### Record excerpts

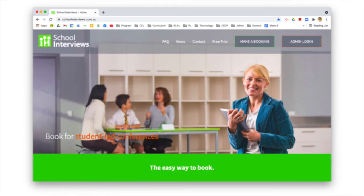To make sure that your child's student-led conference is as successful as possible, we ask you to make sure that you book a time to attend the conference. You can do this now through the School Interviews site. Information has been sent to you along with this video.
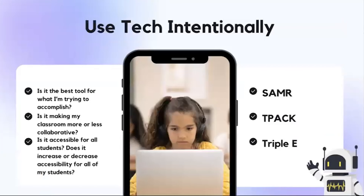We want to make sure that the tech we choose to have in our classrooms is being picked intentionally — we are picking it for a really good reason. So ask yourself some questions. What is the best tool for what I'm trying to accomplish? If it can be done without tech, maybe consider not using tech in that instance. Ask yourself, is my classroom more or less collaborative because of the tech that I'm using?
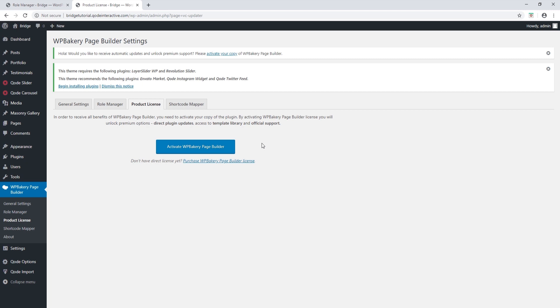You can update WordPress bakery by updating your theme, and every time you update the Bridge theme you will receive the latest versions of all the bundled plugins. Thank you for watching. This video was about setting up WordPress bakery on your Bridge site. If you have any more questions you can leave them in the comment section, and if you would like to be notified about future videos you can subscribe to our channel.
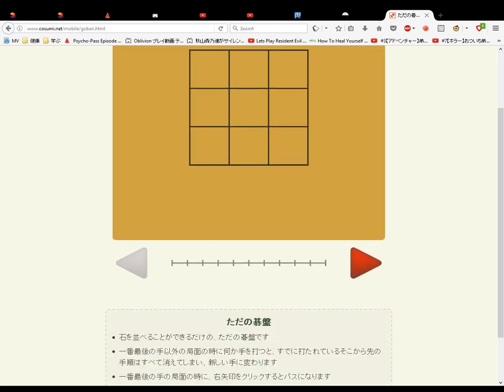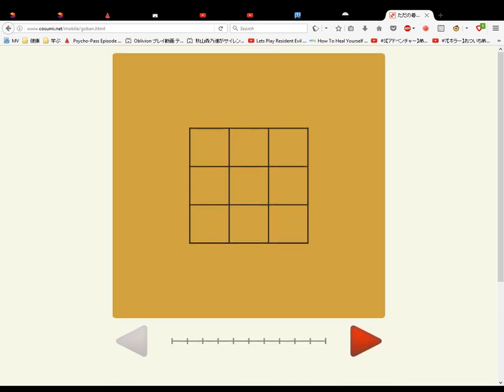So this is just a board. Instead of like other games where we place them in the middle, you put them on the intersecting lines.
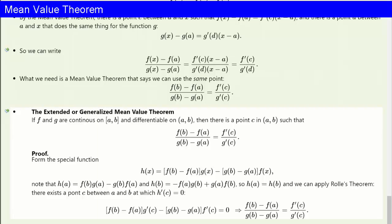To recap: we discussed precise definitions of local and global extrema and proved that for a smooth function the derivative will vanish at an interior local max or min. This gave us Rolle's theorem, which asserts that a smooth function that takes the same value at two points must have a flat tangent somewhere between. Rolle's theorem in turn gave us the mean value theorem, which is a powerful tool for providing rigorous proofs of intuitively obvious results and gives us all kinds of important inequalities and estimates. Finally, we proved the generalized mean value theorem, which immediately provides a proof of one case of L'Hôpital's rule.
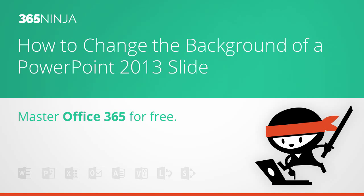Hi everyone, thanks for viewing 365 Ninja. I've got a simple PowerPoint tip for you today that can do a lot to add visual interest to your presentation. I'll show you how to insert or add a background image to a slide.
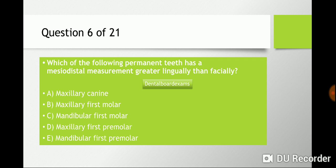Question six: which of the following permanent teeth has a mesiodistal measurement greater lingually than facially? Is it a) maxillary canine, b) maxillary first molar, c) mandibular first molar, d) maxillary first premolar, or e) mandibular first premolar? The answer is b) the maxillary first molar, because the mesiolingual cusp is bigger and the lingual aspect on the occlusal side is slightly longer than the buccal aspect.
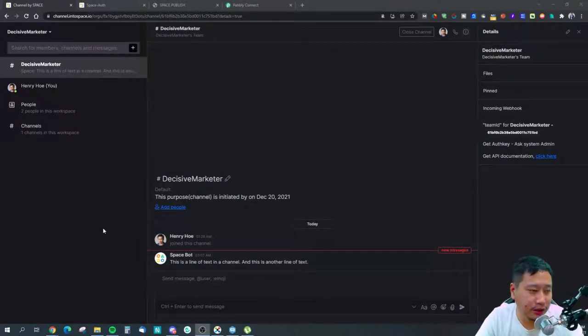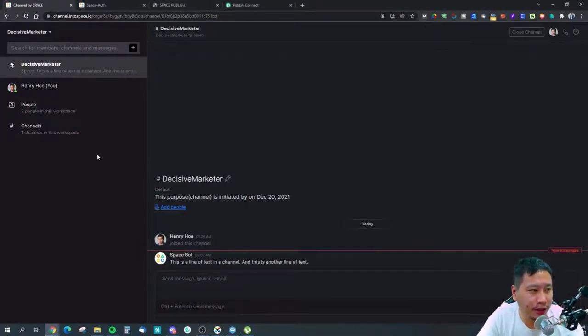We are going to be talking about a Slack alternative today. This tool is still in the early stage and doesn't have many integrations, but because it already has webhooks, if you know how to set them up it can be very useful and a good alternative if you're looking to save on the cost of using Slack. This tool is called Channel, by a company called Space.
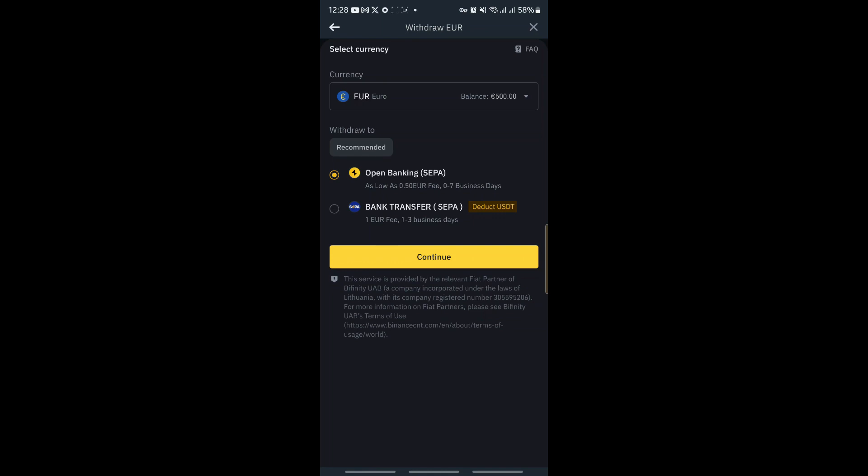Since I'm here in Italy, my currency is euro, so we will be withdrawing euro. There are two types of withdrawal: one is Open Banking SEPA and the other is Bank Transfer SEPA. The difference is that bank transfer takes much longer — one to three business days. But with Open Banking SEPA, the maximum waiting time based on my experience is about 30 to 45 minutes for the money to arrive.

######
### Record excerpts

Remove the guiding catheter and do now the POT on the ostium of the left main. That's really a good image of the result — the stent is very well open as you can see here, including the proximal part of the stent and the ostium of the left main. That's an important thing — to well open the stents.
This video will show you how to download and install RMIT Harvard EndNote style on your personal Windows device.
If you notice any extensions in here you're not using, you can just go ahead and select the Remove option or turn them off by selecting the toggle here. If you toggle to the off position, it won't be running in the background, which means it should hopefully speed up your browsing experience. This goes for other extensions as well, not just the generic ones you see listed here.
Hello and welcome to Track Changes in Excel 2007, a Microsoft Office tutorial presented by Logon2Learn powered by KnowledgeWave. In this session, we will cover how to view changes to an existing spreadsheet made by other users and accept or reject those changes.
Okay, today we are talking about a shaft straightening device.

######

== Exercise description ==
In the records above, how many lines contain the word "device"? Give the number alone.

== Exercise solution ==
2